A ideia é que, inicialmente, um projeto piloto poderia trabalhar com uma cadeia mais curta, como o combustível de aviação e, a depender dos resultados, ser ampliado para outros produtos, como gasolina, diesel ou biocombustíveis.
“Não é uma solução que do dia para a noite vai estar pronta, mas realmente a gente procurou ser propositivo aproveitando o que já existe de ferramenta dentro da Embrapa, dentro da ANP, para a gente tentar fomentar e fazer uma ponte”, afirma Samuel.
Para o Sindicom, o fato de que a Embrapa já possui interlocução com a ANP, por meio do Renovabio, é um ponto positivo. A tecnologia de blockchain é desenvolvida por outra frente da empresa, e poderia ser um novo ponto de contato com a agência.
A intenção do sindicato, a princípio, é garantir o cumprimento da mistura de biodiesel no diesel, mas as perspectivas de aplicação podem ser maiores. “A gente vê essa ferramenta com potencial de ajudar também no combate ao mercado irregular. Porque se você consegue ter o tracking de toda a cadeia, você conseguiria pelo menos mitigar os problemas de mercado irregular”, explica o diretor.
“Mas a gente também não tem a expectativa de que isso seja uma panaceia, que vá resolver todos os problemas do setor. Porém você conseguiria ter uma ferramenta um pouco mais robusta para auxiliar a ANP nessa parte de fiscalização”.
Alternativa ao Operador Nacional do Sistema de Combustíveis
A ferramenta desenvolvida pela Embrapa seria uma alternativa à criação do Operador Nacional do Sistema de Combustíveis (ONSC), previsto no PL 1923/2024, de autoria do deputado Julio Lopes (PP/RJ).
O projeto está na Comissão de Minas e Energia, sob a relatoria de Júnior Ferrari (PSD/PA), que já apresentou substitutivo. O texto teve o pedido de urgência aprovado, mas enfrenta resistências por parte de agentes do mercado, da ANP e do Ministério de Minas e Energia (MME).
Em audiência pública realizada na Câmara dos Deputados na semana passada sobre o PL 1923, o coordenador-geral de Acompanhamento do Mercado do MME, Deivson Timbó, chamou atenção para o risco de sobreposição de atividades, “na hora de trazer novos agentes para com o mesmo foco”.

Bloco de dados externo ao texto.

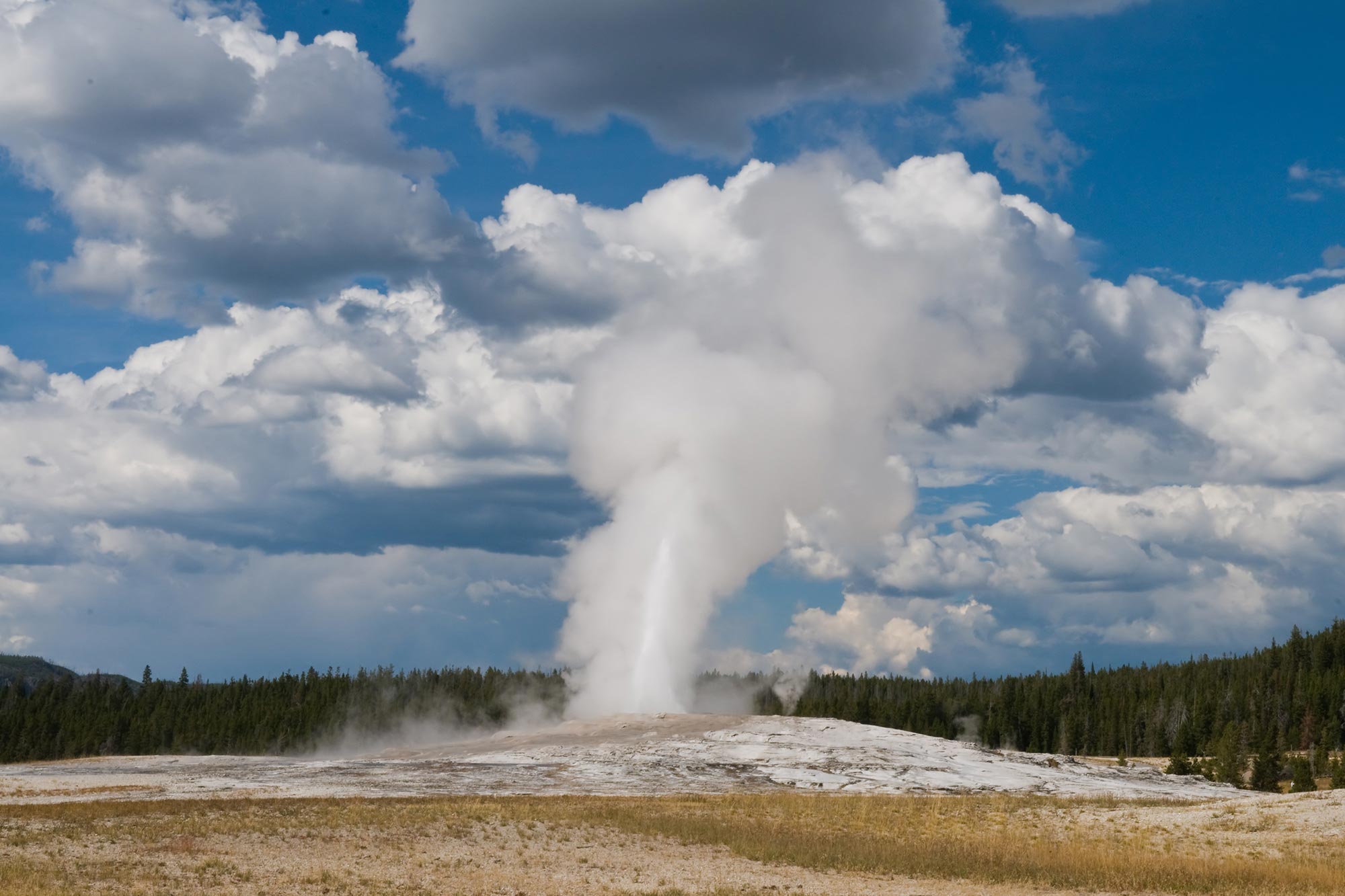 Old-Faithful-Geyser-Yellowstone-National-Park.jpg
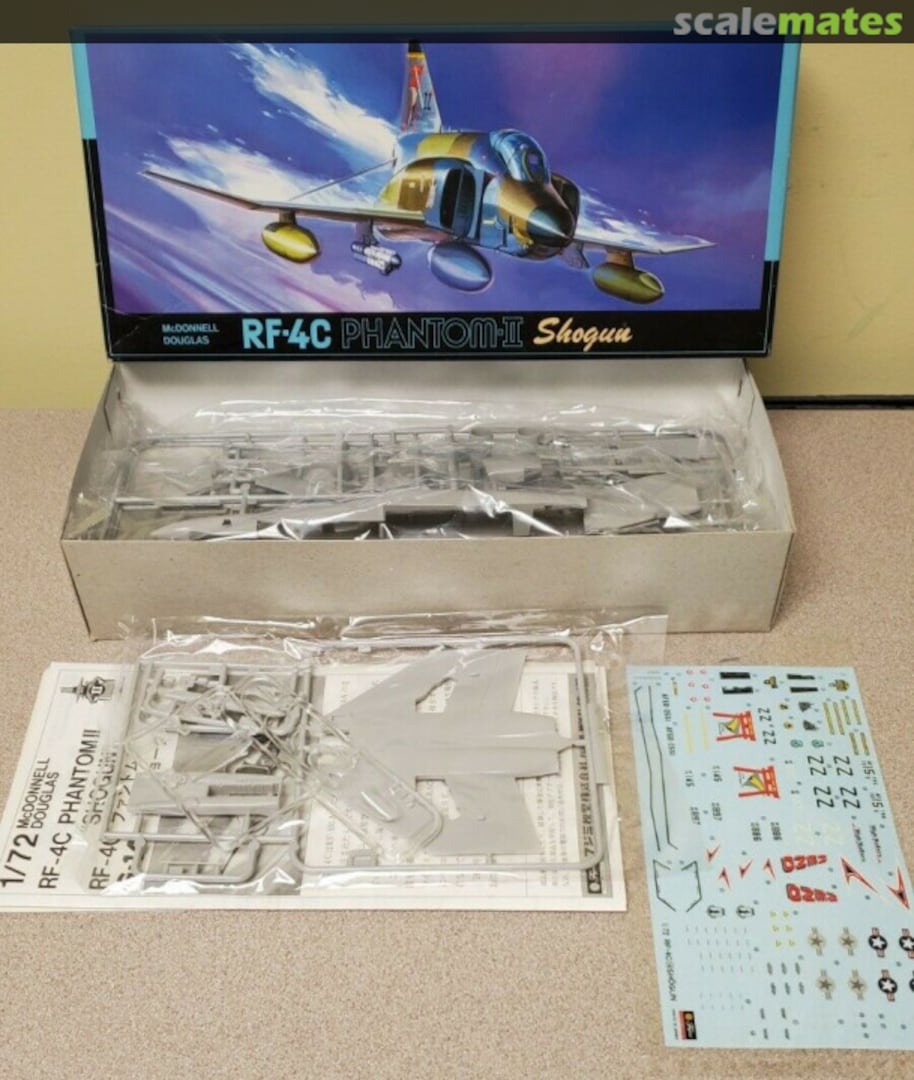 Contents RF-4C Phantom-II Shogun 7A-G14 Fujimi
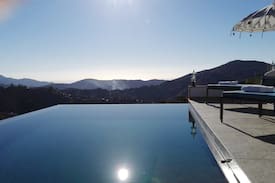 Competa Apartment | HEATED Infinity Pool, 3 ThinkersINN Hot Bubble Spa
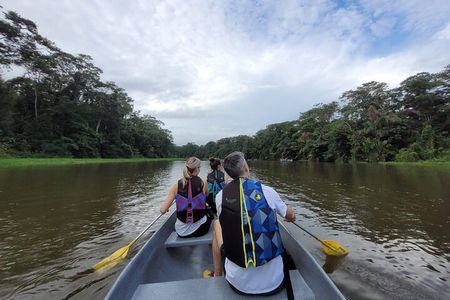 Canoe tour along the water trails of Tortuguero Park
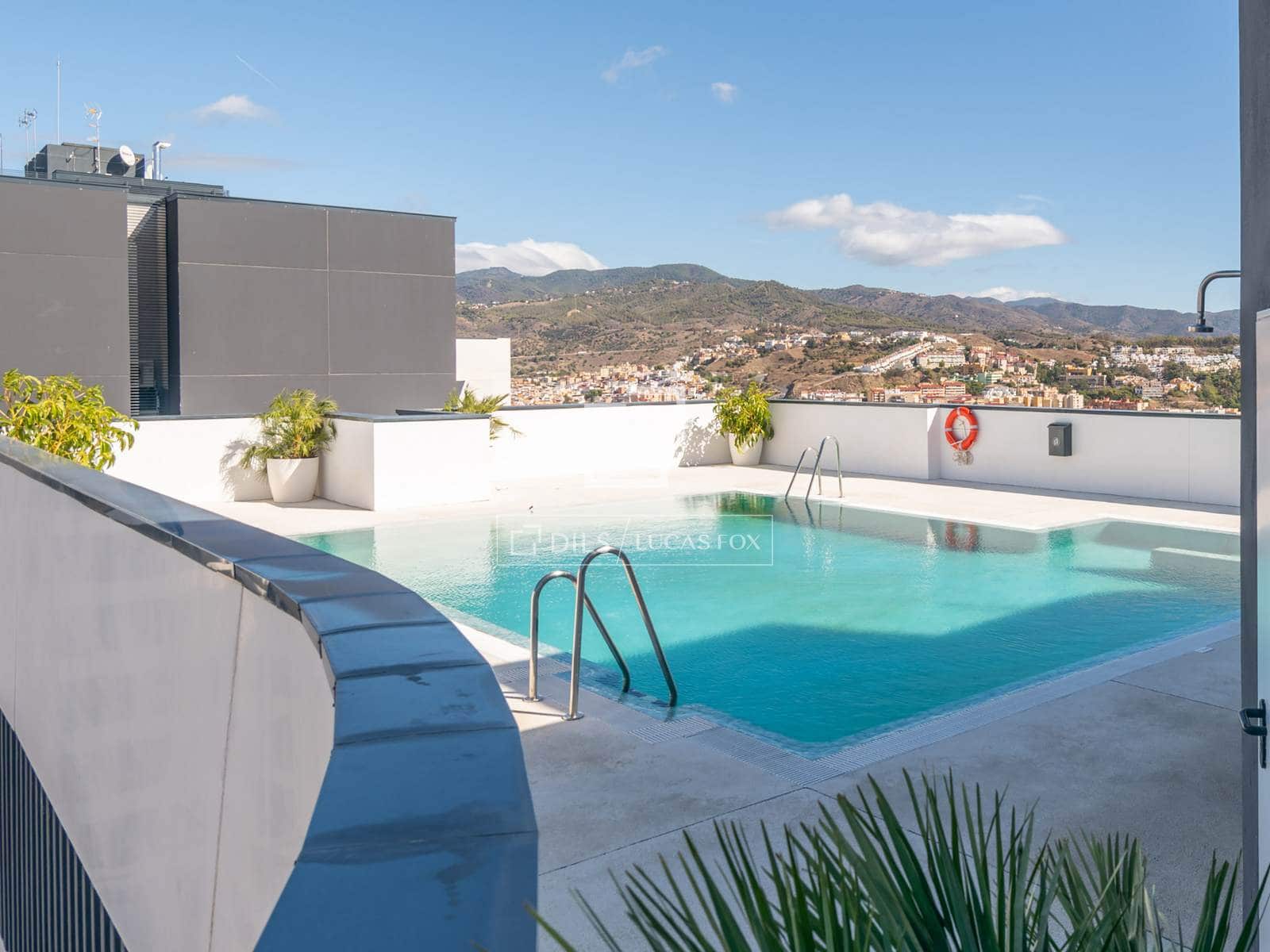 2 soveværelse Lejlighed til salg i Malaga by med swimmingpool garage - € 495.000 (Ref: 9913693)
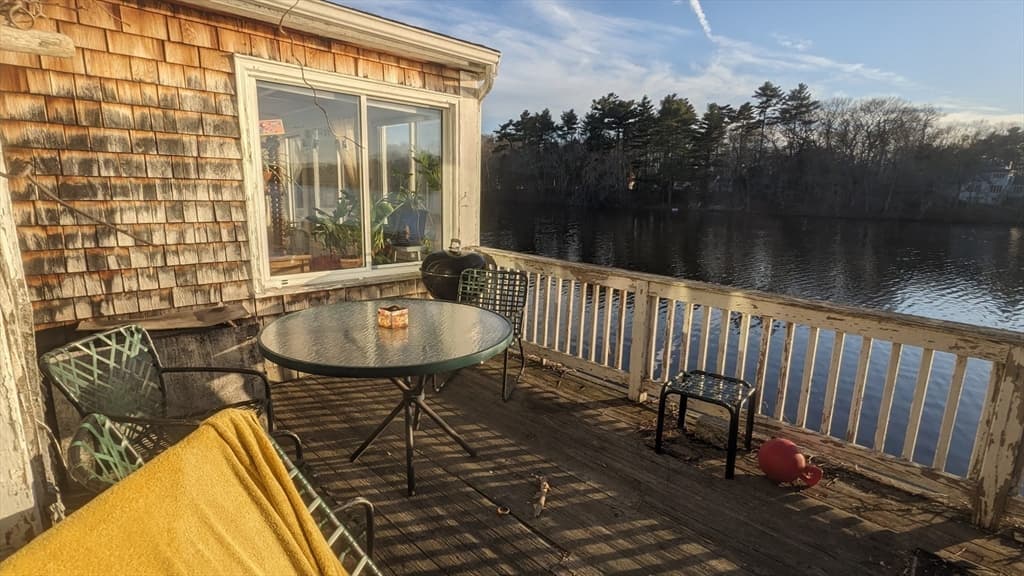 Single Family Residence at 10 Coral Hill Rd, Essex MA 01929, Essex, photo 10 of 31
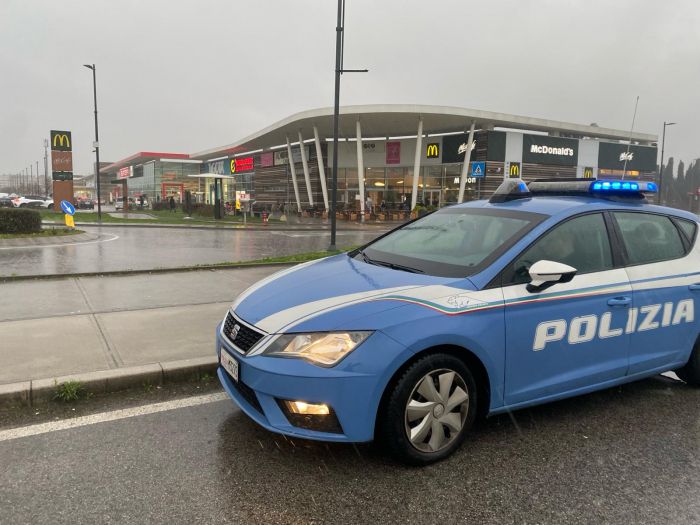 Segue la polizia per accertamenti, poi tenta la fuga improvvisa gettandosi tra i rovi spinosi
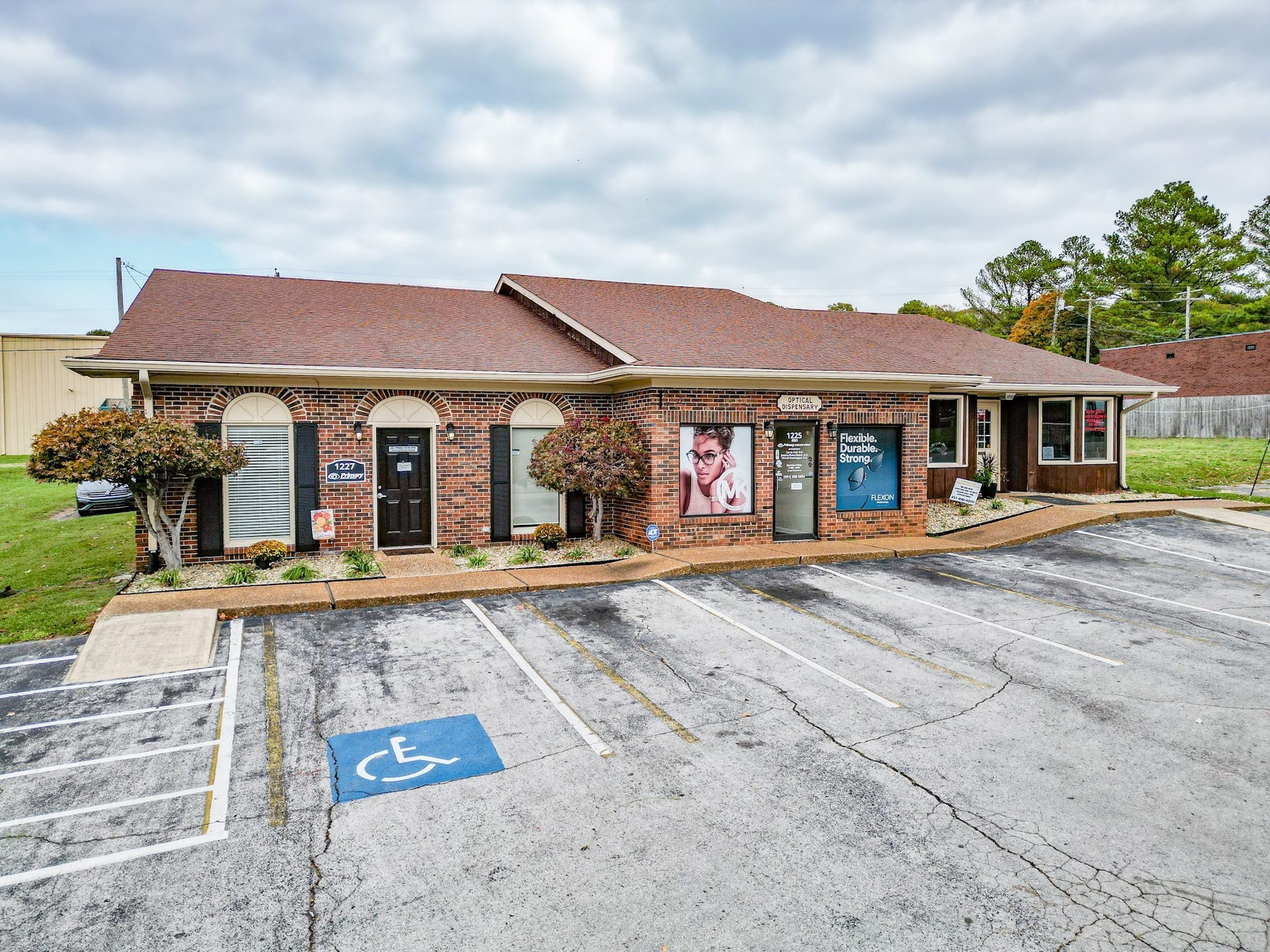 1223 Hatcher Ln, Columbia, TN 38401 1223 Hatcher Ln, Columbia, TN 38401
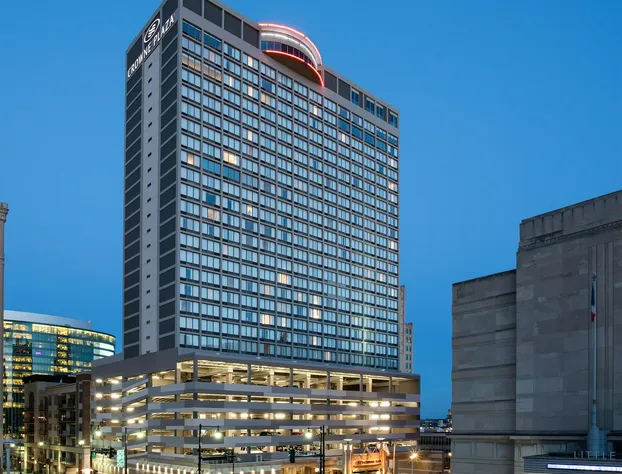 Crowne Plaza Kansas City Downtown by IHG hotel detail image 2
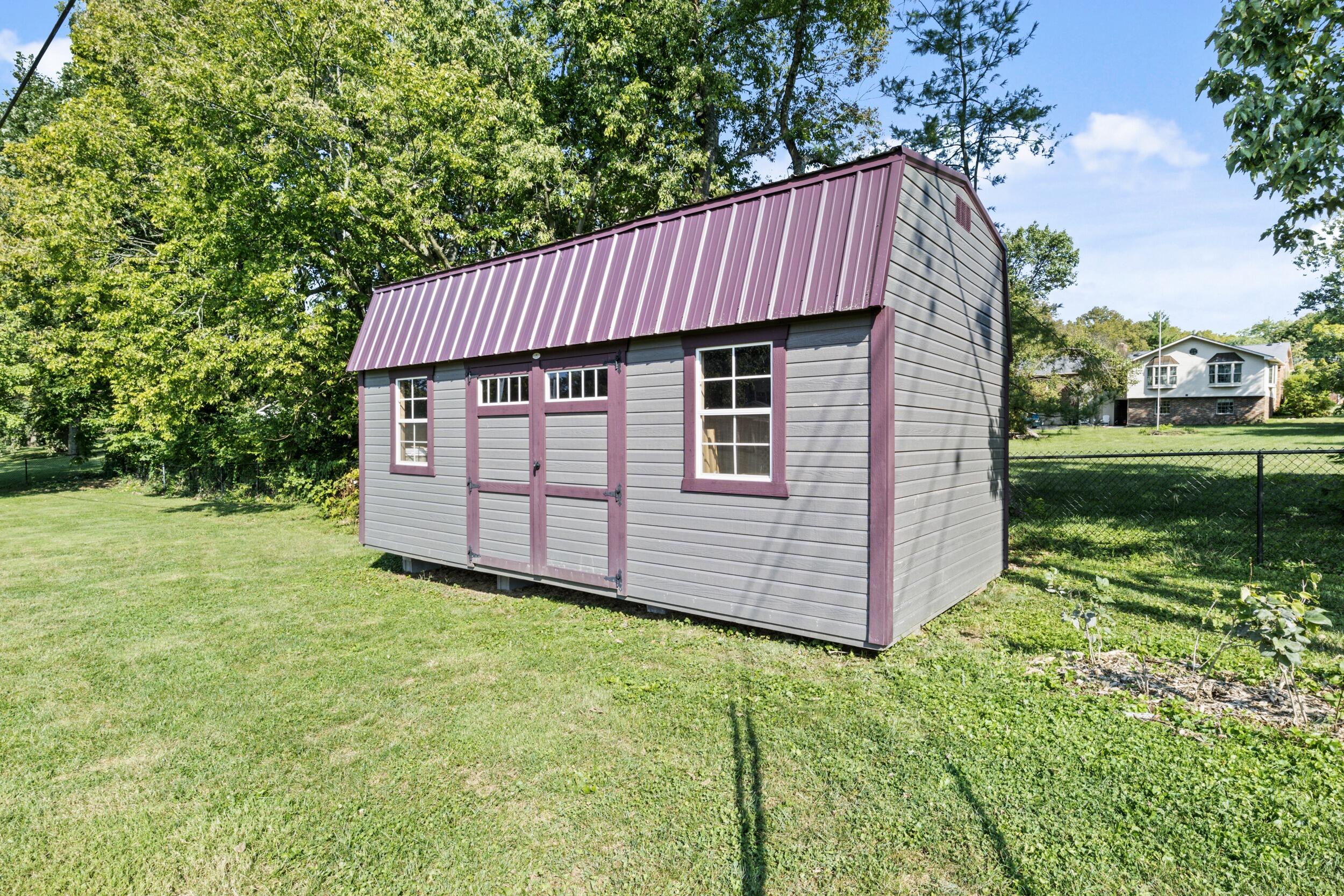 1012 Walker Way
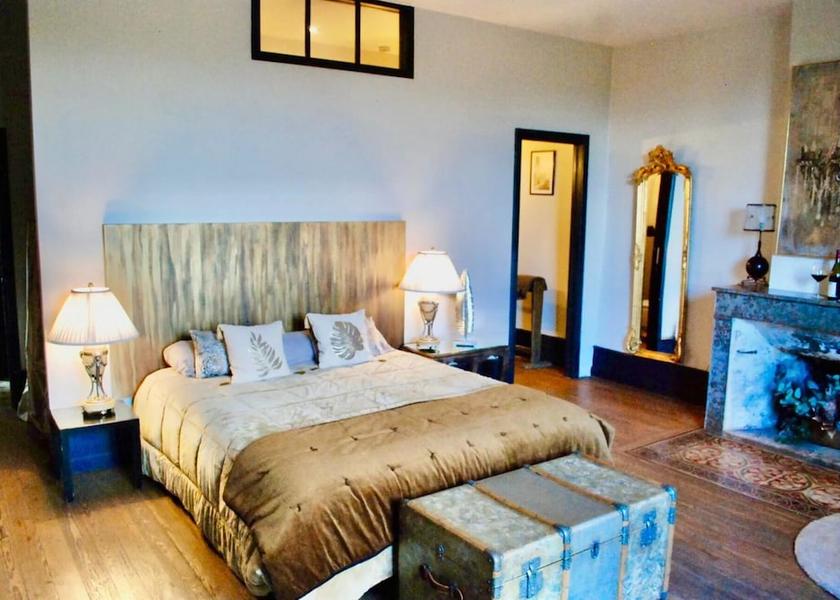 Auvergne-Rhone-Alpes Grignan Room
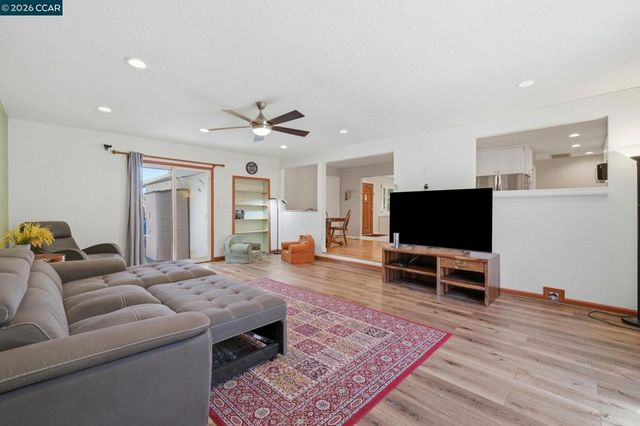 1501 Lassen Ct, Vallejo, CA 94591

Desde 2023 a pasta promete enviar uma proposta de “ONS dos combustíveis”, mas nada de concreto foi apresentado.
Para o Sindicom, o projeto ainda não está maduro para ser votado. “A gente entende que é um projeto pertinente, mas ainda carece de debate, ainda carece de algumas alterações substanciais”, afirma o diretor-executivo Mozart Rodrigues.
“A gente entende que é complexo você ter dois organismos que, segundo o autor, não vão se conflitar [ANP e ONSC]. Mas se não vão se conflitar porque não colocam dentro da ANP todo o projeto?”.
O órgão defende o avanço de propostas que ganharam força após a Operação Carbono Oculto, como o PLP 125/2022, sobre o devedor contumaz, e o PLP 109/2025, que dá acesso à ANP a informações fiscais de agentes regulados.
“A Carbono Oculto impulsionou, mas isso é um pedido do setor já de longa data. É essencial que a ANP tenha acesso às notas fiscais, respeitando o sigilo fiscal, isso é importantíssimo”, destacou Mozart.
Após a operação da Receita Federal e do Ministério Público de São Paulo, o Senado aprovou o PLP do devedor contumaz, que desde o início de setembro aguarda indicação de relator na Câmara – a despeito da aprovação da urgência, na semana passada. Para o Sindicom, este é o projeto mais amadurecido para votação.
“A emenda constitucional que alterou o artigo 146, é de 2003. O regime especial de tributação para quem não paga tributo, que hoje está apelidado de devedor contumaz, é uma iniciativa que já tem mais de 22 anos”, afirma Mozart. “Eu acho que todas as dúvidas [sobre o projeto] já deveriam ter sido dirimidas, ele já está muito maduro para ser votado”, conclui.